[WORK REQUIRED] Where the line containing "1728 Yarbro Landing" appears in the records below, begin there and output each line verbatim through the last line.

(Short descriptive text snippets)
····················

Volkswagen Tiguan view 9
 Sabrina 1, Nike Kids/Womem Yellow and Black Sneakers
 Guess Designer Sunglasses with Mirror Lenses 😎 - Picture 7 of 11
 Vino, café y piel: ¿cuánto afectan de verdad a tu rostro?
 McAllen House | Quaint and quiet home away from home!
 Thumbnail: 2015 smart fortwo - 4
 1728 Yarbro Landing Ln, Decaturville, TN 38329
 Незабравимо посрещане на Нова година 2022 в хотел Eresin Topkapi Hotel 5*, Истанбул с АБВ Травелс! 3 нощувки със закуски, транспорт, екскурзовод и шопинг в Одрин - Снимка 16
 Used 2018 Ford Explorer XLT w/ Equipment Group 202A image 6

····················

[RESULT]
 1728 Yarbro Landing Ln, Decaturville, TN 38329
 Незабравимо посрещане на Нова година 2022 в хотел Eresin Topkapi Hotel 5*, Истанбул с АБВ Травелс! 3 нощувки със закуски, транспорт, екскурзовод и шопинг в Одрин - Снимка 16
 Used 2018 Ford Explorer XLT w/ Equipment Group 202A image 6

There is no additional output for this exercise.